But okay, issues with Drake's storytelling, victim complex, and complete lack of ideas aside, how's the production? Honestly, it's kind of a mess, mostly eschewing the darker, more hard-hitting material he previously brought on his last album for tracks that don't go nearly as hard. Now part of this was inevitable with the pivot to R&B, and we do get some slick, classy vibes on songs like 'Keep The Family Close' with the strings and some potent closing bombast, or the Mary J. Blige sample on 'Weston Road Flows', or even the jingling bounce of 'Child's Play'. Hell, I liked most of the very sparse 'Fire & Desire' with the Brandy samples before they decided to drop in the chipmunk vocals, but it raises a problem that the fidelity and mixing of several of these songs just feels unfinished or sloppy. 'One Dance' is the most obvious example - I've already talked about it on Billboard BREAKDOWN, but swamping out the melody and Wizkid behind an incredibly tinny interlude and bass wobble that gets way too choppy does not help cure the impression there was very little effort put into the song, especially considering how checked out Drake sounded. Or take 'Pop Style' - was there no effort whatsoever to match the vocal pickup on Drake's verses, because it feels incredibly slapdash! Or go to 'Feel No Ways', with the very lo-fi drum machine pickup and backing sample that has some flavour but doesn't really feel well-blended with Drake's vocals or the cello on the outro. And then there's the more island-inspired songs like 'Too Good' and 'Controlla'... they aren't bad and some instrumental flavour, but the synths are very desaturated and Drake crooning his way through an autotuned patois just feels awkward. And that's before we get to songs like 'Faithful' where Drake just completely falls off the beat on the hook and you couldn't tell me what the melody is in that instrumental! And that's a consistent issue - for as much as this record is concerned with atmosphere, the tracks that landed with a little more impact was '9' or 'Still Here' or 'Grammys' - sure, none of the melodies were great and the trap percussion was generic as hell and Drake had more punch in the production with the Future collaboration last year, but they at least felt finished.

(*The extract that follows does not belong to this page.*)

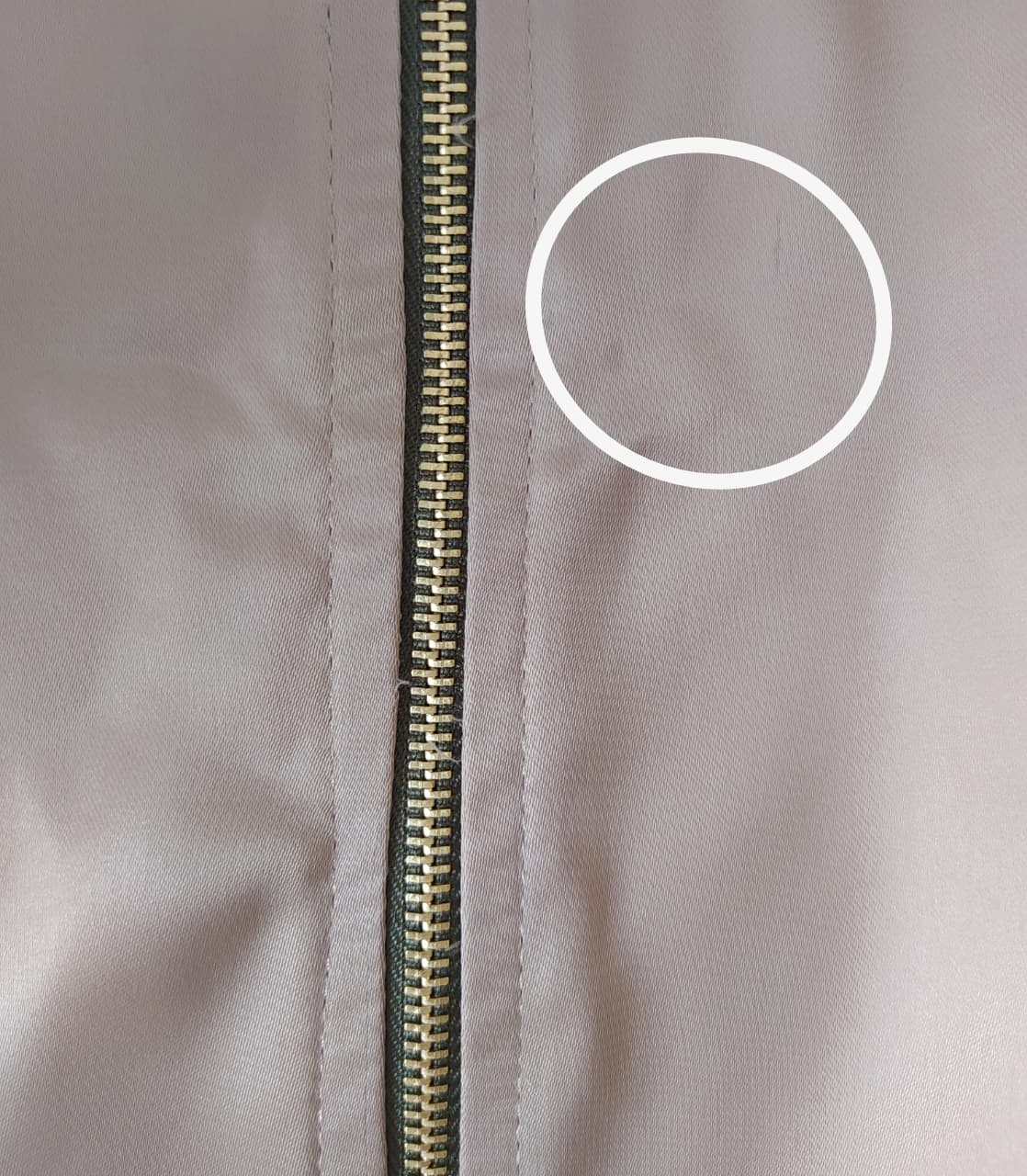 Perfecto Imperfecto Rock Jacket Dorada Talla L #02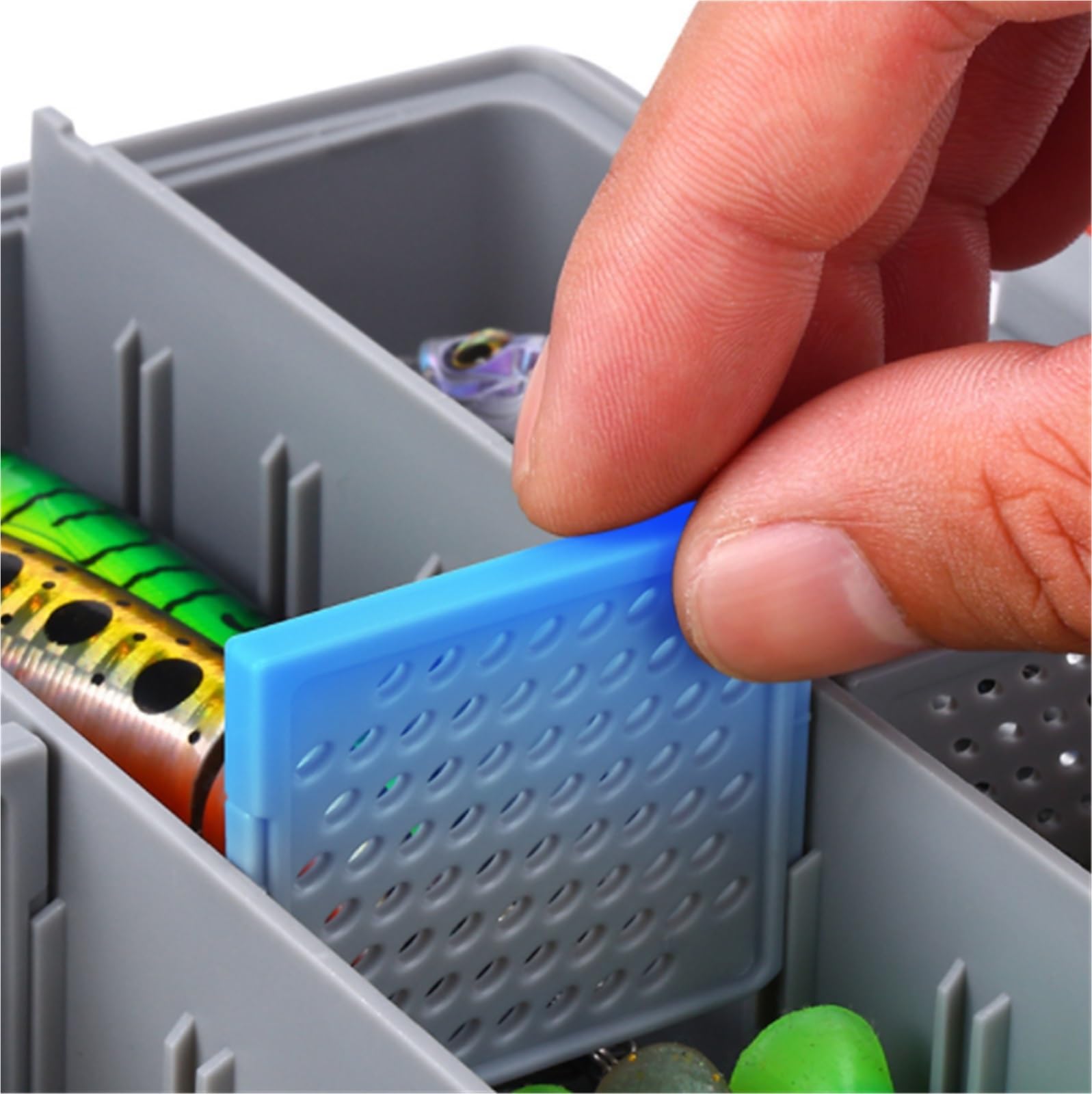 Fishing Walizka Skrzynka Wędkarska Wodoodporny Organizer Na Sprzęt Wędkarski Z Wyjmowanymi Przegródkami Study Lure Storage Box Tackle Box(Oranje)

This, on the other hand... I don't know if this will end up Drake's worst album, but it feels the least necessary. Drake has reached a point where he could effectively release anything and it would chart and sell, so why this? Why the content that feels so tired and regurgitated, and the production that lacks consistent grooves or melody or even quality? There's no arc or consistent themes to this record - for as long as it goes and for as few unique ideas are on this album, it feels stretched and incredibly undercooked, especially with the framing that never takes the full step to painting Drake with any self-awareness. That said, there are enough songs I mostly like - 'Weston Street Flows', 'Keep The Family Close', 'Too Good' with Rihanna and maybe 'Views' or '9' in a pinch - that saves this record from outright badness, but it's still right on the edge of mediocrity, so it's getting a 5/10 and only a recommendation for hardcore Drake stans. And even that case, if you compare this to So Far Gone or Nothing Was The Same or especially Take Care or even If You're Reading This It's Too Late, I see Views coming up short. Sorry.